Ещё можно домыслить: когда облечённый властью человек перестаёт критически оценивать свои и чужие слова и поступки, то неизбежно превращается в жестокого тирана. Допустим. Но тогда зачем эпоха и тиран даны не обобщённо, а так конкретно? Навеяло игрой слов: Дуче – как титул Муссолини и «nostro Duce”(вождь, правитель) – обращение к Отелло в итальянском оригинале? Маловато!
Вот уж кто не отмечен историками в числе ревнивцев, так Дуче Муссолини. Две жены, шестеро законных детей, куча национал-патриоток, прыгавших в объятия по первому зову. И, наконец, последняя любовь, Клара Петаччи, моложе диктатора почти на 30 лет, добровольно разделившая его участь, вцепившись в рукав Бенито в момент расстрела партизанами.
Плюс в голове недоуменно всплывает: а ведь Кипр в годы правления Муссолини уже сто лет как был британским и ни в каких разборках не участвовал.

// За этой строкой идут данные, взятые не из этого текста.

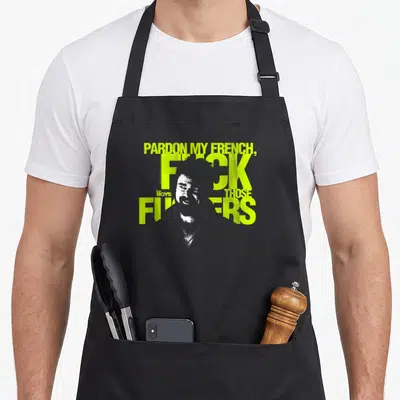 Tablier de cuisine noir avec l'inscription Pardon My French Fuck Those F*ckers et un portrait stylisé en jaune fluo.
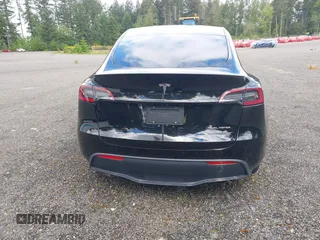 2023 Tesla Model Y Long Range z VIN 7SAYGDEE2PF885116, wystawiony jako IAAI lot #40091902 z przebiegiem 11 779 mil mil oraz . Historia ofert i sprzedaży dostępna na DreamBid. Obrazek 16.
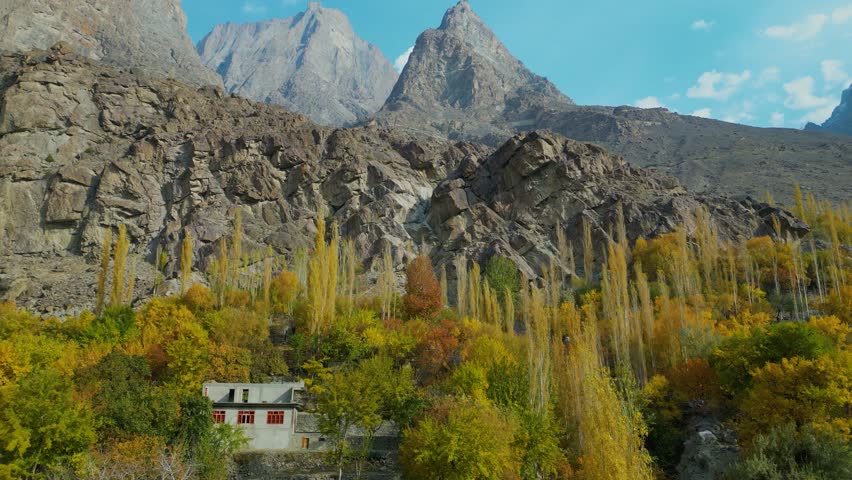 Skardu valley with rockface and mountain range in background, Karakoram mountain range, Aerial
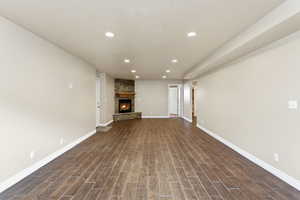 Unfurnished living room with wood finish floors, recessed lighting, and a fireplace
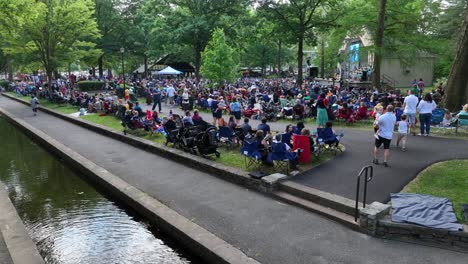 Slow-motion-footage-of-a-gathering-in-a-community-park-to-watch-a-performance-in-the-park-amphitheater-with-many-onlookers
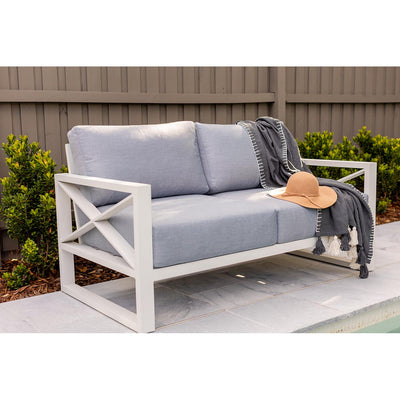 Aluminium outdoor furniture from Linear Lounge collection, featuring a 2-seater outdoor lounge with white frame and light grey cushions, set against a brown fence with plants.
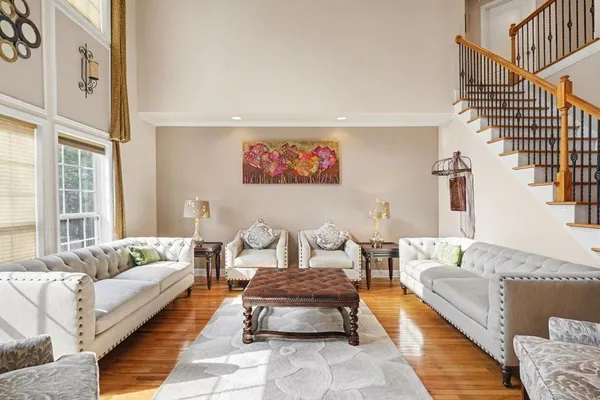 a living room with furniture and a rug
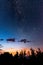 starry night sky with Milky Way above the forest trees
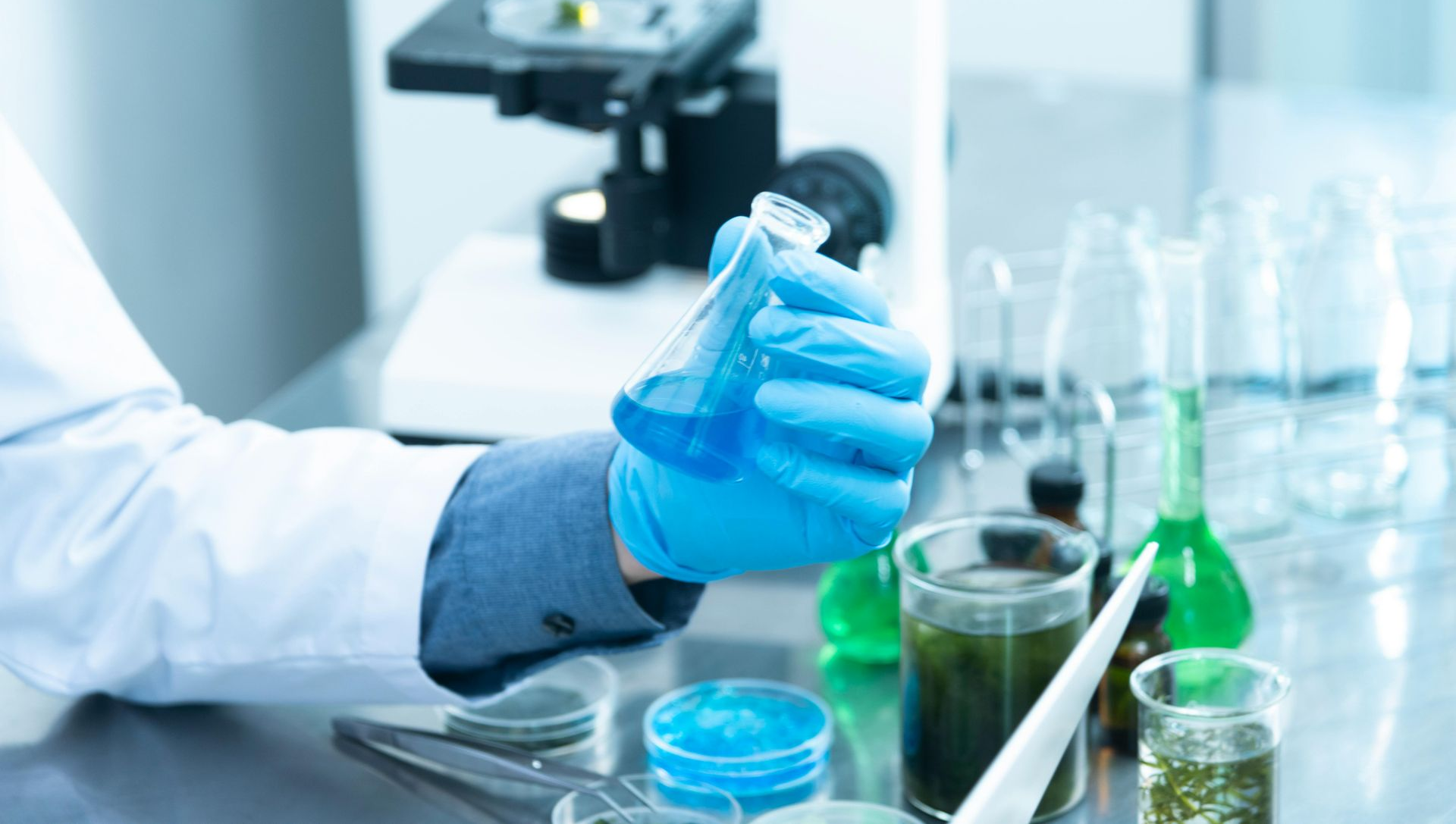 Scientist wearing gloves holding blue liquid in a flask, lab setting with microscope and glassware.
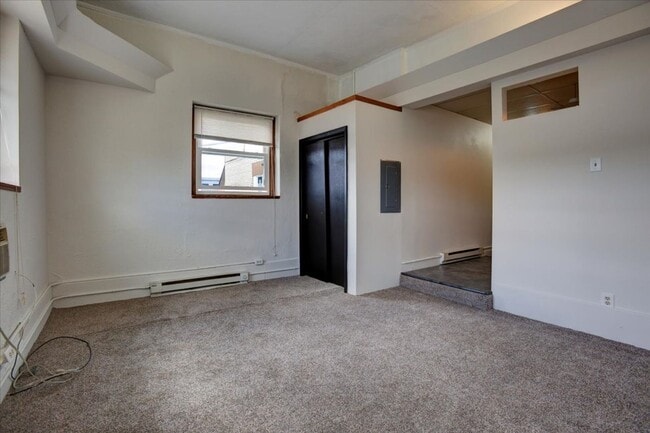 Building Photo - Cozy Studio Apartment - Menomonie, WI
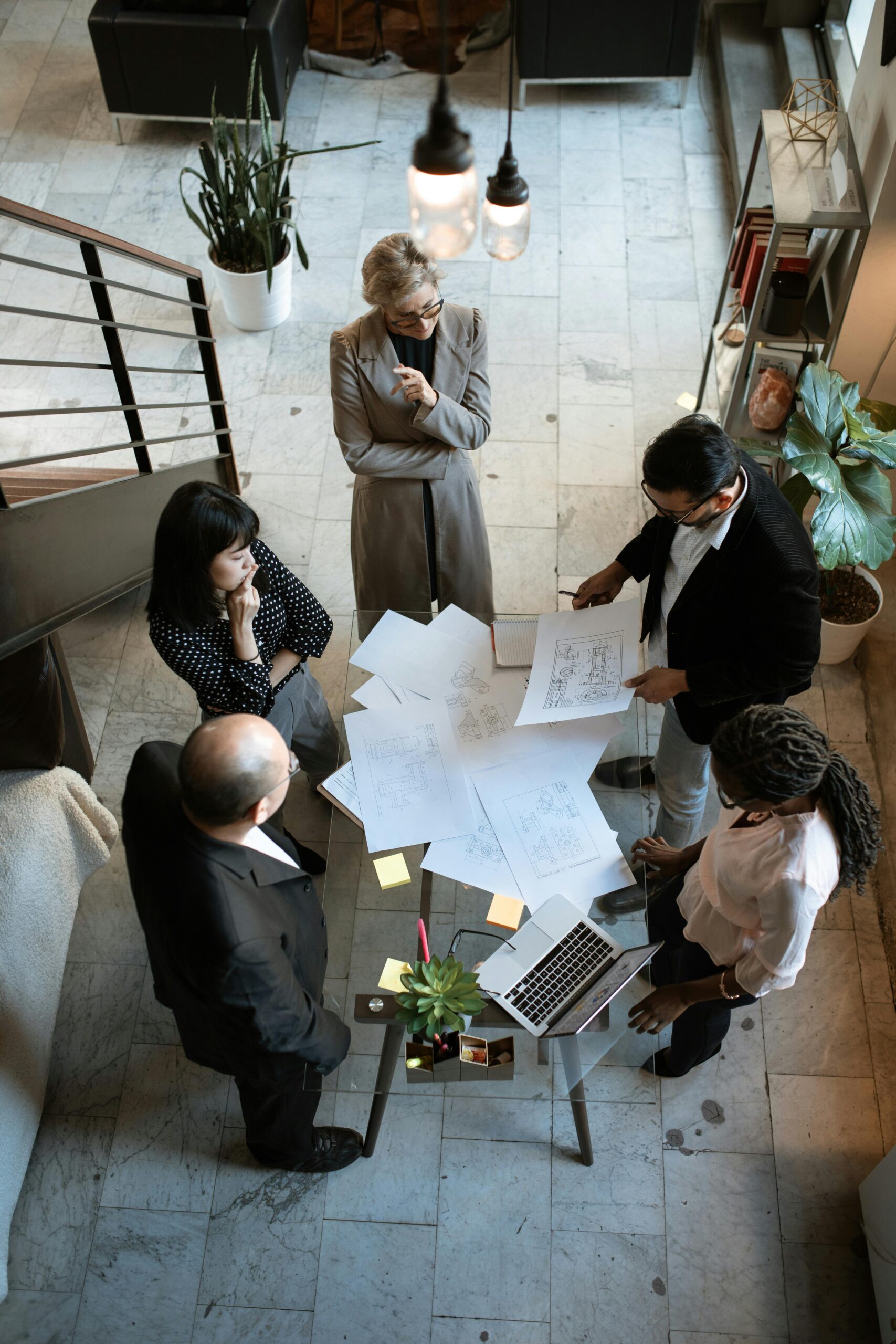 Fort Worth real estate agent reviewing a marketing plan with a local agency
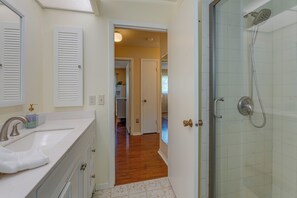 Een badkamer met een wastafel, spiegel en douche.
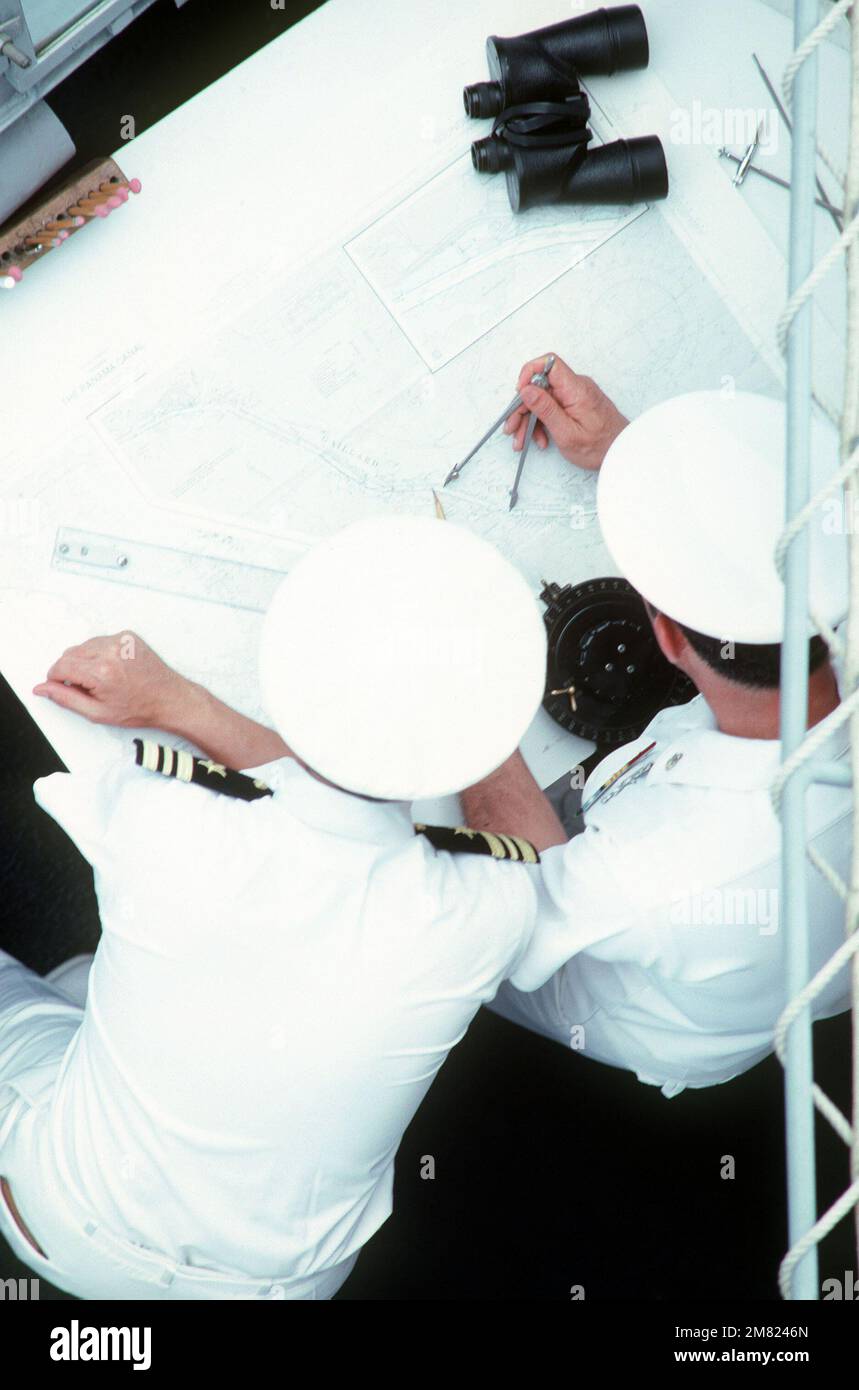 A lieutenant commander and an enlisted man use a drafting machine to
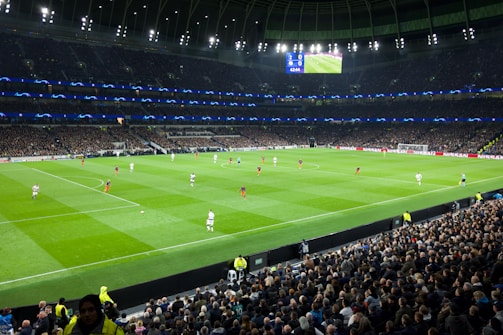 two teams playing soccer inside stadium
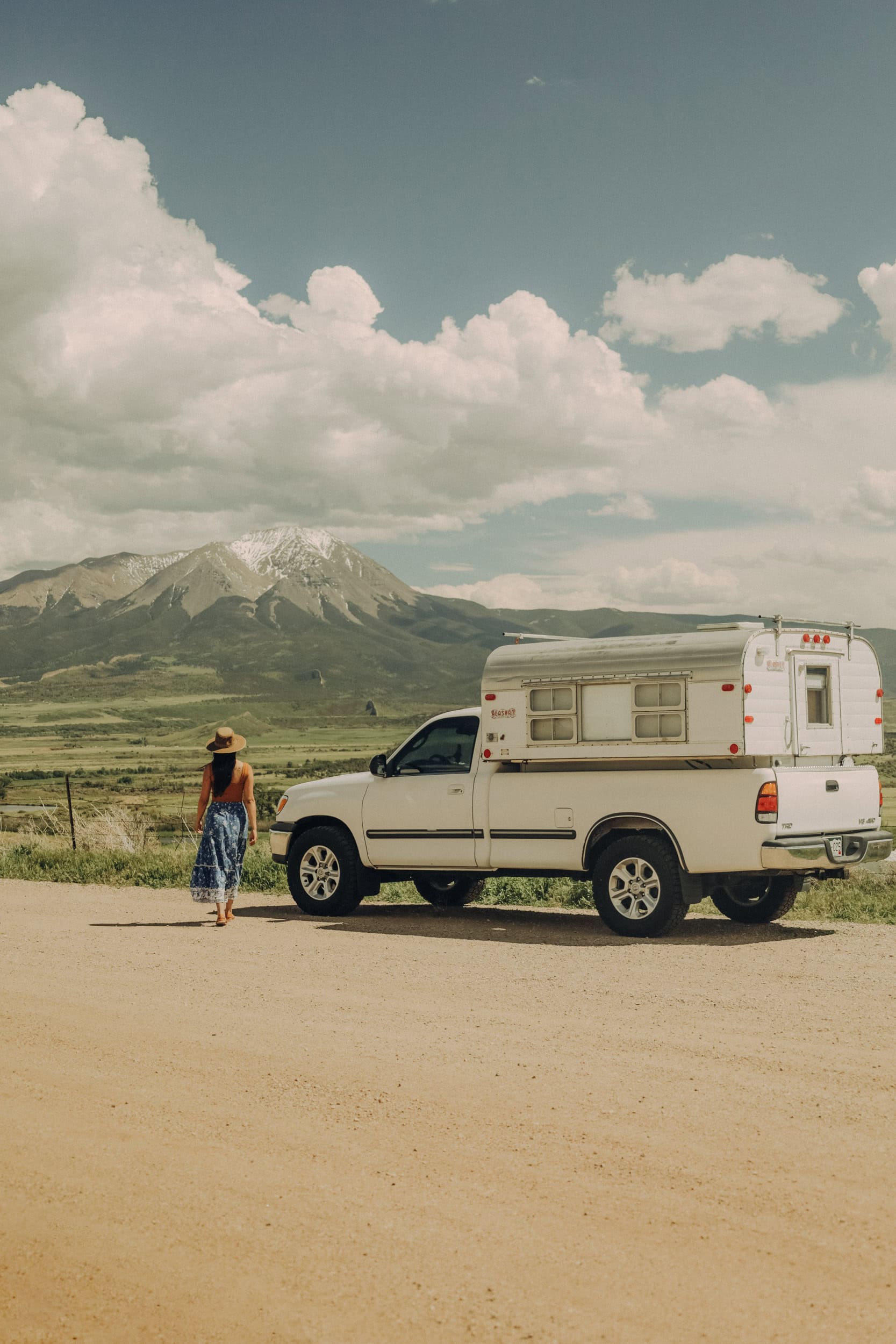 A girl named Jessy standing by her white truck camper standing in front of Spanish Peaks, Colorado on a day trip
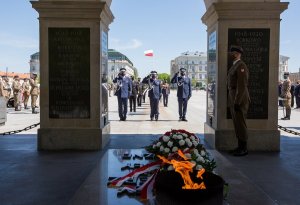 umundurowani policjanci oddają hołd przed pomnikiem Nieznanego Żołnierza, na pierwszym planie wieńce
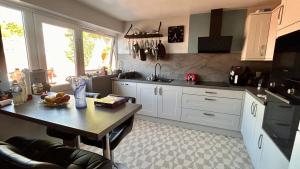 a kitchen with white cabinets and a table with fruit on it at Peaceful Coastal Escape in Old Colwyn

В общем, запутал всё Андрей Сергеевич Кончаловский, хотя уж его в незнании исторического контекста трудно упрекнуть. Обещал, что режиссура не станет мешать восприятию музыки. Так и было до финала 3 акта. Но фашистские мундиры, признаюсь, настолько обескуражили, что серьёзно помешали внимательно услышать грандиозный ансамбль солистов и хора.
Финал уже не так шокировал. Ну кровать модерновая, ну Эмилия в узкой юбке по колено. Спасибо, Дездемона молилась в серо-перламутровом длинном пеньюаре, словно вне времени.
Трагедия ревности не привязана к историческим датам. Она существовала с античности и, увы, не изжита по сей день. Имя Отелло за четыреста лет существования трагедии Шекспира стало нарицательным ревнивца. Но именно Верди, на излёте века романтизма, поднявшего «на щит» эпоху Ренессанса, подчеркнул интеллект, благородство души и одновременно доверчивость Венецианского мавра. Противоречие, свойственное многим личностям Возрождения.
Жестоко поиграв со смещением во времени финала, постановщик обеднил целостность восприятия спектакля. Сцена раскаяния и смерти венецианского кондотьера Отелло вызывает сочувствие вплоть до слёз катарсиса.
Самоубийство душевно больного фашистского генерала, отворачивающийся от него истукан Дуче, воспринимается холодным рассудком лишь как финальная точка в сумбурной попытке патриарха отечественной режиссуры не прослыть ретроградом.